String players in small sections collectively negotiate a playing style involving many complex technical and musical judgments. This is achieved with very little verbal communication and at a very high level of detail. Players must continuously pay attention to articulation, bow speed, shape, phrasing, timbre, ornamentation (including vibrato), fingerings, dynamic nuance, rubato and ensemble. This is not done to clone one another – computer-generated sections do not sound like good human versions, after all – but to create a vibrant, flexible section. In addition to their own group, players are listening to other lines, all the time making choices about which are most important.

The negotiation of leadership, phrasing and the infinitely subtle moulding of a string section take place, for the most part, in a rehearsal room. The greatest single influence on my musical development has been in the preparation for a performance – in rehearsal. Performing can be exciting, stimulating, rewarding, humbling and occasionally scary. In practice, though, rehearsals are themselves performances, since both acts require the revelation of passionately held, intensely personal views. It can be a tough experience to have these challenged. The social dynamic within an ensemble is a critical dimension of the rehearsal process. This is established in and outside the rehearsal space, on and off the concert platform, and has taken many years to coalesce into its current form in many well-known groups. In order to function well, rehearsals depend on cooperation and agreement about the way in which language is used. Describing the notation as a map or a blueprint or as a language in itself can assist in the communication of ideas and interpretations, and each contains its own agenda. The metaphor of spoken language is a useful way of describing articulation and small-scale phrase units. The vocabulary used can describe formal structures or offer a straightforward reminder of how individual parts relate to each other, or it can be more general, even philosophical in nature. People react very differently to the use of poetic images or humour, and each player has a preference for how they are directed through speech or gesture. Musicians often describe music as language beyond words. How frustrating, when one needs to search for an explanation to convince others of how something ‘goes’. Underlying a very strong musical conviction may be well-founded, informed intuition, but without adequate communication the idea is unlikely to be taken up by the group. Unless a wordless rehearsal technique is used, players who do not relish verbalizing their ideas often lose out, but demonstrating by example alone is not always sufficient. Rehearsals reveal the difficulties in a complex social environment of finding a language of and for music. Their potential to harness the wealth of experience and the expectations of individual players to be creative, socially cohesive, even inspirational, or at least satisfying and productive, is vast. The resulting performances can be transforming.
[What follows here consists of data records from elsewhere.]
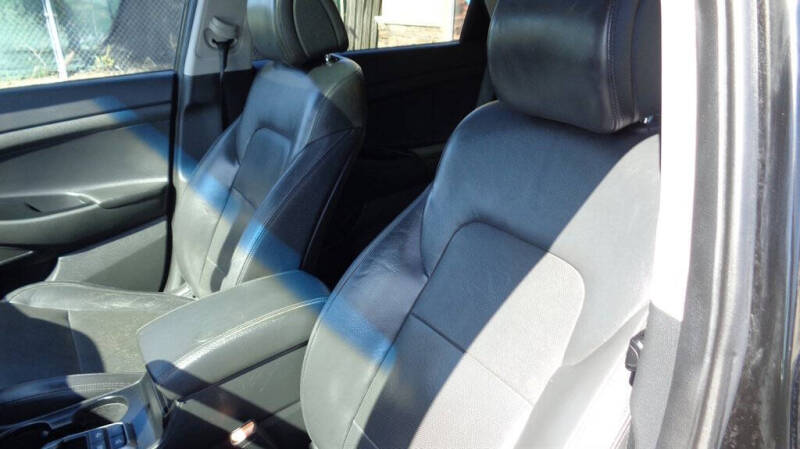 2016 Hyundai Tucson Limited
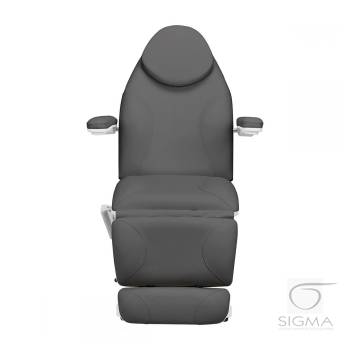 Fotel kosmetyczny Sillon Basic 3 siln. szary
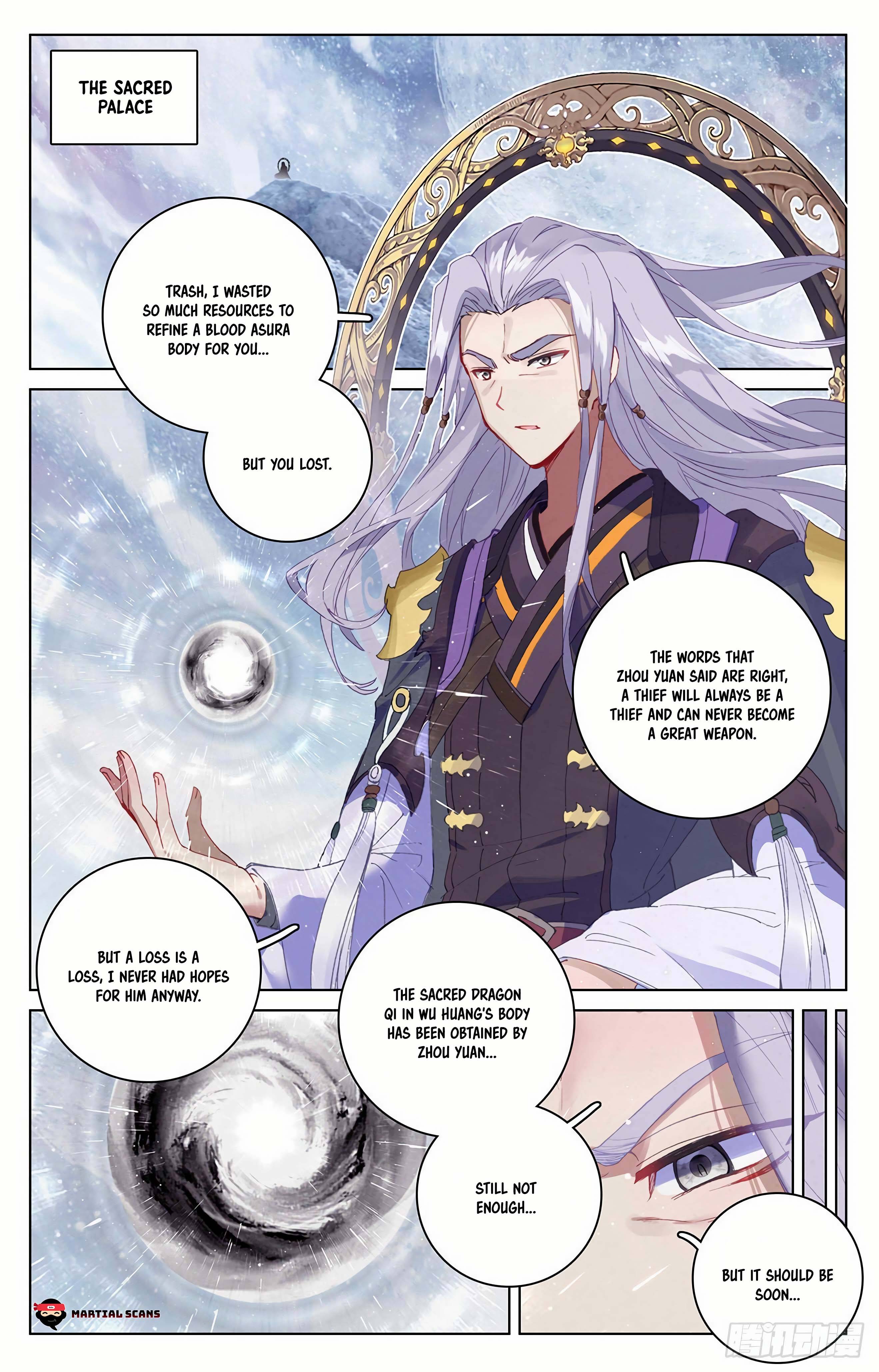 Yuan Zun Chapter 652 page 3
And what next? This article has reminded me that in describing the sophisticated qualities required of musicians I am surrounded by them in the form of colleagues. It would be a shame to stop there. New and continuing dialogue between performers, musicologists and other disciplines offers a real opportunity to ask what an ‘informed’ twenty-first-century performance of eighteenth-century music might be, and how it might be achieved. Ethnographic work could further uncover the skills of ensemble playing – since this has been underestimated and largely undocumented in Western art music, with the exception of some studies of string quartets. The social dynamics of a musical rehearsal may be shared by other performing arts, including the theatre. So it is to that discipline, to ethnomusicology and to the social sciences that I shall turn now, alongside research into the historical evidence for accounts of rehearsals and ensembles in the eighteenth century.